Auf dem Flur hörten sie Stimmen, die näher kamen. »… etwas Besseres konnten wir unter den gegeben Umständen nicht anbieten...«
»Es macht ihnen bestimmt nichts aus, spartanisch untergebracht zu sein...«
DCI Tennant erschien in der Tür und sah sich mit großen Augen um.
»Sie bleiben besser, wo Sie sind, Sir«, riet ihm Tam Barclay. »Noch einer mehr hier drin - und der Sauerstoff wird knapp.«
Tennant wandte sich an die Frau neben ihm - Gill Templer.
»Ich hab Sie vorgewarnt, dass es ein kleiner Raum ist«, sagte sie.
»Das ist richtig«, gab er zu. »Haben sich die Herren schon häuslich eingerichtet?«
»Urgemütlich hier«, erwiderte Stu Sutherland und verschränkte die Arme wie jemand, der mit seinem Los nicht gerade zufrieden ist.
»Wir haben uns überlegt, die Espressomaschine in der Ecke aufzubauen«, meinte Allan Ward. »Und daneben die Minibar und den Whirlpool.«
»Gute Idee«, erwiderte Tennant, ohne die Miene zu verziehen.

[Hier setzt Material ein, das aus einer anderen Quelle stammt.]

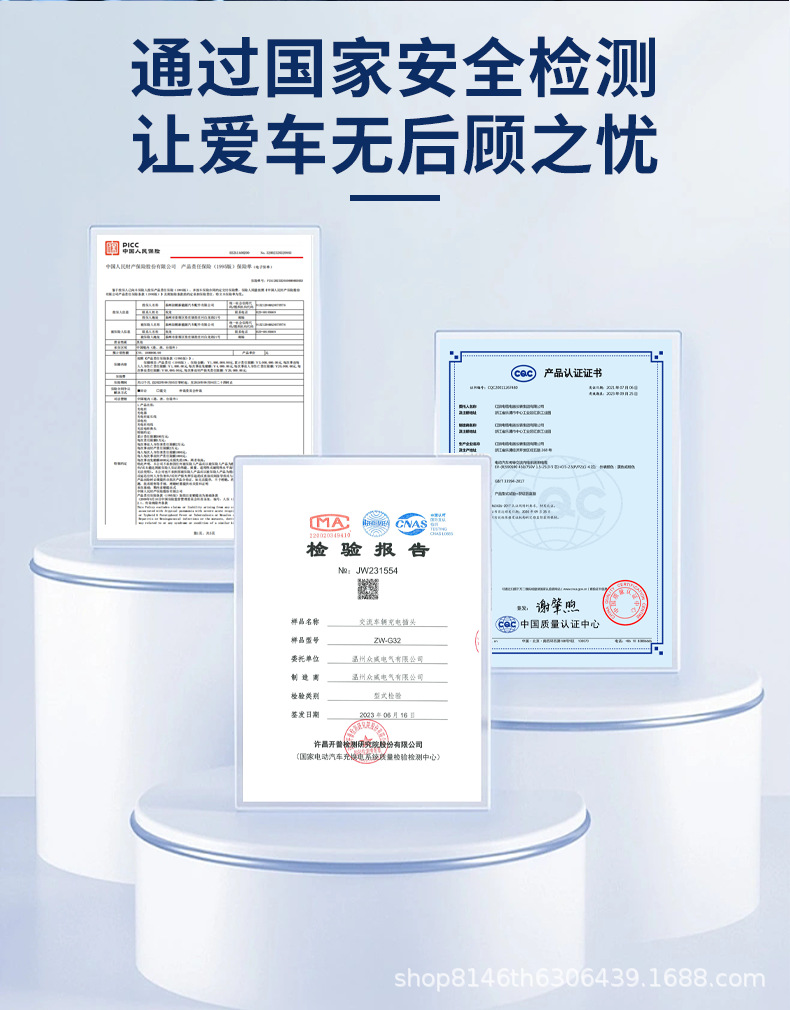 详情_13.png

»Der Raum hier genügt uns, Sir«, erklärte Francis Gray. Er schob seinen Stuhl zurück und schaffte es, ein Stuhlbein auf einen Fuß von Tam Barclay zu stellen. »Wir bleiben ja nicht lange. Man könnte die Unterbringung fast als Ansporn verstehen.« Er war inzwischen aufgestanden und strahlte Gill Templer an. »Da sich offenbar niemand für zuständig hält: Ich bin DI Gray.«
»DCS Templer«, sagte Gill und ergriff die ausgestreckte Hand. Gray stellte ihr die anderen Männer vor, zuletzt Rebus: »Diesen Kollegen kennen Sie ja bereits.« Gill funkelte Rebus wütend an. Rebus wandte den Blick ab, in der Hoffnung, dass sie nur ihre Rolle spielte.

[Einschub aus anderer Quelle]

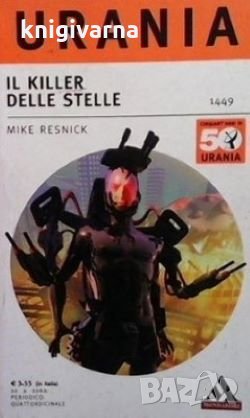 l killer delle stelle Mike Resnick, снимка 1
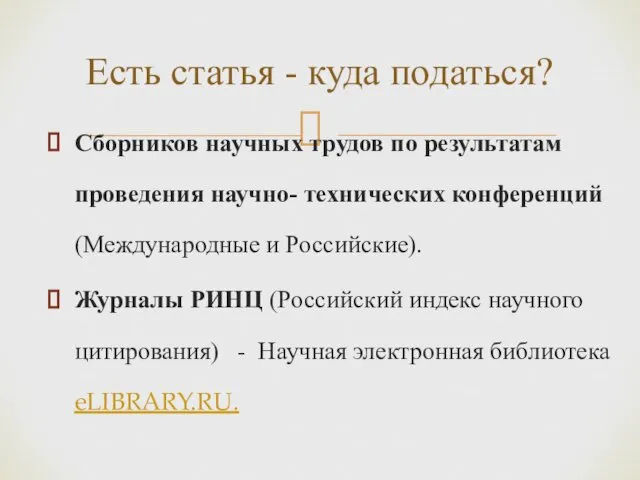 Сборников научных трудов по результатам проведения научно- технических конференций (Международные и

»Wenn Sie mich jetzt bitte entschuldigen würden, meine Herren. Ich bin für die Ermittlungen in einem Mordfall zuständig.«
»Wir auch«, sagte Ward. Gill tat so, als hätte sie es nicht gehört, ging weg und rief Tennant vom Flur aus zu, dass er gern auf einen Kaffee in ihr Büro kommen könne. Tennant drehte sich wieder in Richtung der Männer.
»Rufen Sie mich auf meinem Handy an, falls es Probleme gibt«, wies er sie an. »Und vergessen Sie nicht: Ich will Fortschritte sehen. Sollte jemand von Ihnen nicht genügend Engagement zeigen, werde ich das erfahren.« Er hob warnend einen Finger und folgte dann Gill Templer.

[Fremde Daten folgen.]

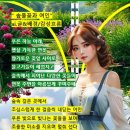 HERB KRAUS &amp; THE WALKIN' SHOES - SLOOP JOHN B 이미지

»Der hat echt Schwein«, murmelte Ward. »Ich wette, ihr Büro ist größer als das hier.«
»Etwas kleiner«, erklärte Rebus. »Aber sie hat es für sich allein.«
Gray unterdrückte ein Kichern. »Sie hat dir gar keinen Tee angeboten, John.«
»Sie weiß eben, dass John Flüssigkeiten nicht bei sich behalten kann«, meinte Sutherland.
»Nicht schlecht, Stu.«
»Wie wär’s«, mischte sich Jazz ein, »wenn wir zwischendurch ein bisschen arbeiten würden? Und um mit gutem Beispiel voranzugehen, werde ich jetzt mit meinem Handy DI Hogan anrufen.« Er sah zu Rebus. »John, er ist dein Kumpel. Willst du mit ihm reden?«
Rebus nickte.
»Hast du seine Nummer?«, fragte Jazz. Rebus nickte erneut.
»Wenn das so ist«, sagte Jazz, und steckte sein Telefon wieder in die Tasche, »kannst du ja auch dein Handy benutzen.«
Francis Grays Gesicht lief vor Lachen rot an, und Rebus musste an ein Kleinkind denken, das gerade aus dem Badewasser gehoben wird.
Es störte ihn nicht, den Anruf zu übernehmen. Der Vormittag war für ihn bisher ziemlich gut gelaufen. Allerdings beschäftige ihn die Frage, wann er Gelegenheit haben würde, sich ungestört in Stratherns Bericht zu vertiefen.